Sunday, 05 July 2009

Not guilty verdict after raid on cashpoint

A MAN accused of raiding a Lake District garage has been found not guilty.

Maurice Smith, 46, was accused of being one of two men caught trying to cut their way into the machine on the forecourt of the Newby Bridge Motors garage with an oxyacetylene torch.

He was found not guilty at the end of a three-day trial at Carlisle Crown Court yesterday.

The court heard that when police arrived the two raiders drove off in a stolen Land Rover, but not before trying to ram the police van.

As they drove off towards Ambleside they threw rocks at the police van chasing them. They then did a three-point turn so they could ram it again.

The two officers in the van, PCs John Baldwin and Shane Wheeler, needed hospital treatment for whiplash injuries.

The court heard one man, 46-year-old Paul Barcock, of Brooklands Avenue, Maryport, had already pleaded guilty to his involvement in the raid, which took place on November 8 last year, and had been sentenced.

But Mr Smith, of Town Croft, Dearham, Maryport, denied being the second man, and pleaded not guilty to aggravated vehicle taking, affray, attempted theft and possessing oxyacetylene cutting equipment in connection with theft.

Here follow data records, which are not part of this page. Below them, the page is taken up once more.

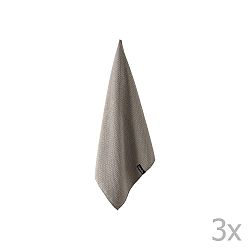 Sada 3 šedých kuchyňských utěrek Ladelle Dish, 35 x 35 cm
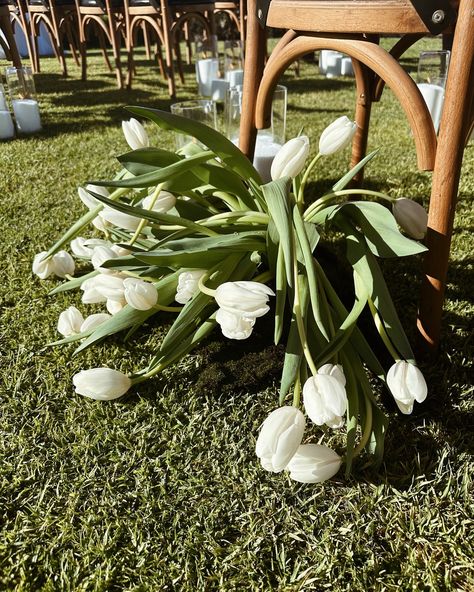 The tulip mound 🌷🌿 I personally LOVE a droopy tulip but I know others have a very different opinion 😂 How do you feel about them? #riverbank #riverbankestate @riverbankestate_weddings #swanvalley #swanvalleywedding #tulips Tulip Wedding Centerpieces, Wedding Tulips, Tulips Wedding, White Tulip Bouquet, Tulip Wedding, Tulip Bouquet, Wedding 2025, White Tulips, Coast Wedding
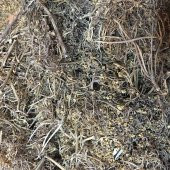 BenimAktar Kara Mürver Çiçeği 1 Kg - 2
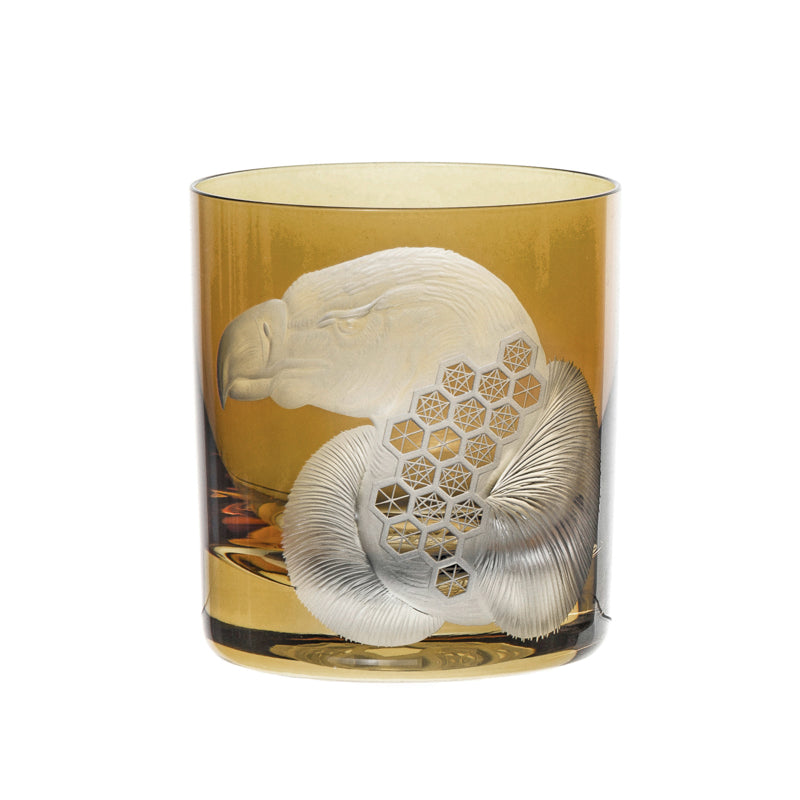 African Safari Vulture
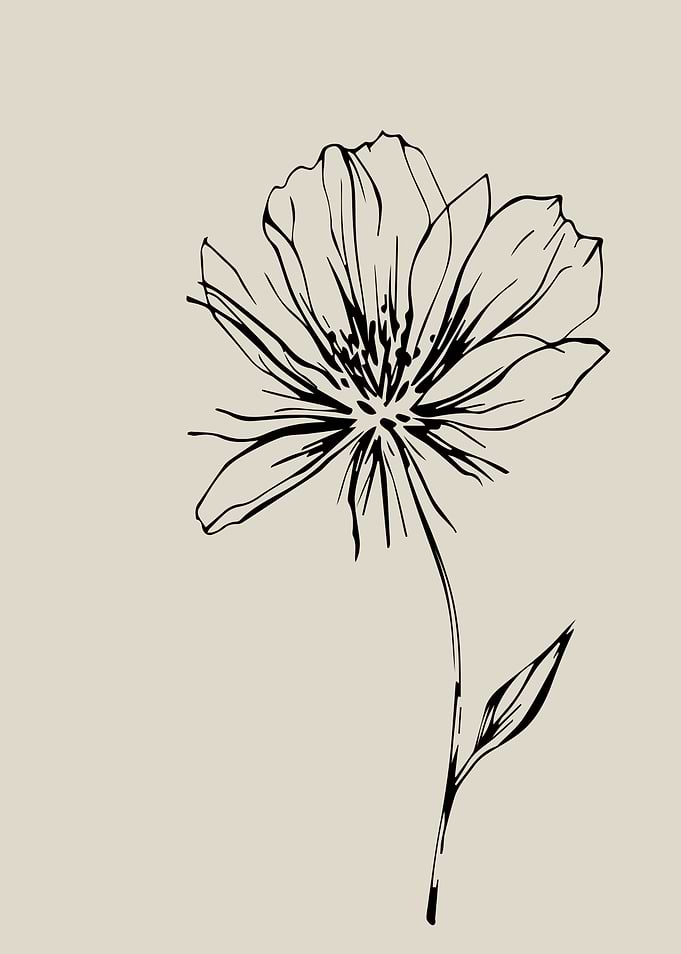 Minimalist Black Ink Wildflower Sketch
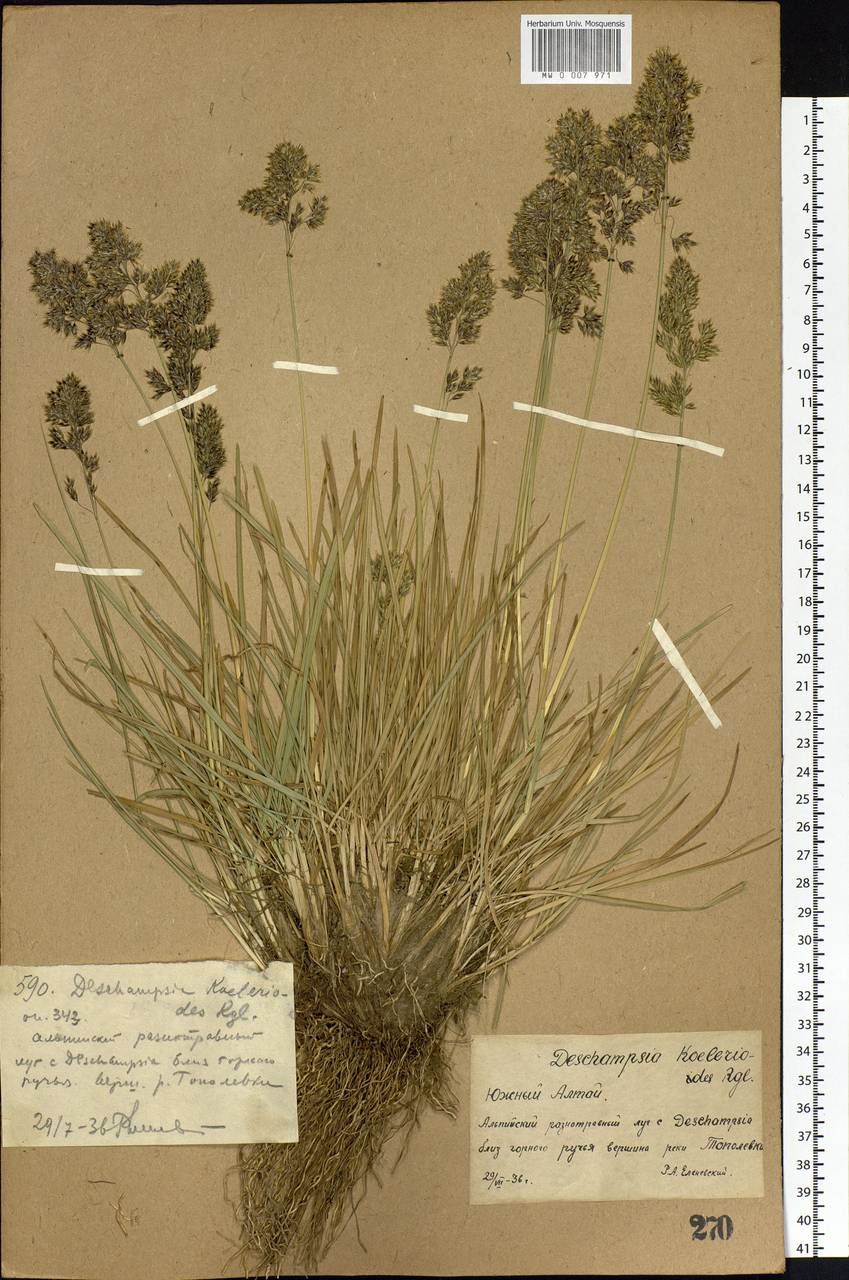 Deschampsia koelerioides Regel, Middle Asia, Dzungarian Alatau & Tarbagatai (M5) (Kazakhstan)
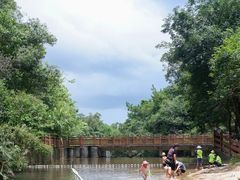 -广州白江湖森林公园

Prosecuting counsel Mr Robert Elias told the jury at the start of the trial the raid was “a brazen attempt” to take money from the hole-in-the-wall cash machine.

“It had none of the romance or glamour of the safe crackers you might have read about in detective stories,” he said. “This was much nastier and ruthless.”

Barcock was arrested after being caught by a police dog after the criminals abandoned their getaway car in Grizedale Forest.

Mr Elias claimed Mr Smith was the other man involved because his DNA was found on a sweatband inside the welder’s mask worn while the men were trying to cut the machine open with an oxyacetylene torch.

But, though Mr Smith admitted the mask was his, he insisted he had not been involved in the raid. He said he had not known until afterwards that his mask had been taken by someone else – presumably Barcock, he said.

He admitted he knew Barcock, and that he had been in a car with him in Keswick a few days before the raid, but said he wasn’t with him on the night of the raid.